Dataset excerpt ▸
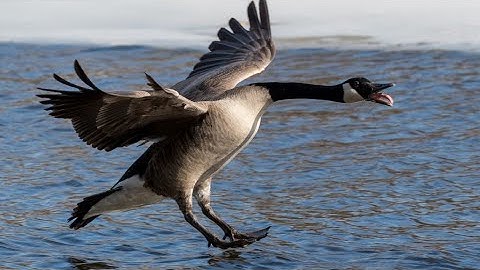 Goose calling | How to hiccup
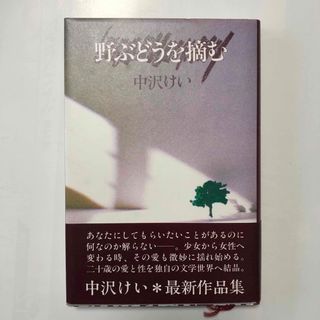 講談社 - 野ぶどうを摘む　中沢けいし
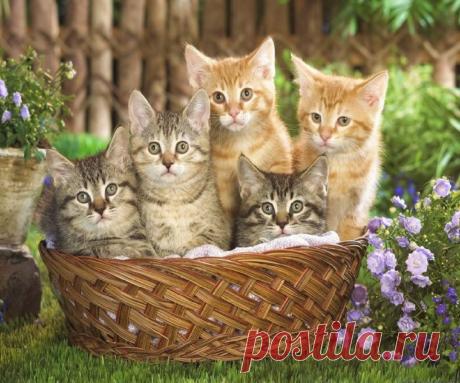 К чему снятся котята? Сон в руку: к чему снятся котята и кошки 100% Значение снов Толкование снов с участием котят часто зависит от отношения человека к этим животным. Но есть и общие интерпретации тех или иных ситуаций, далеко не всегда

Work request ▸
Only the lines from the one containing "講談社 - 野ぶどうを摘む　中沢けいし" through the last line of the material should be returned, exactly and without pictures.

Final answer ▸
 講談社 - 野ぶどうを摘む　中沢けいし
 К чему снятся котята? Сон в руку: к чему снятся котята и кошки 100% Значение снов Толкование снов с участием котят часто зависит от отношения человека к этим животным. Но есть и общие интерпретации тех или иных ситуаций, далеко не всегда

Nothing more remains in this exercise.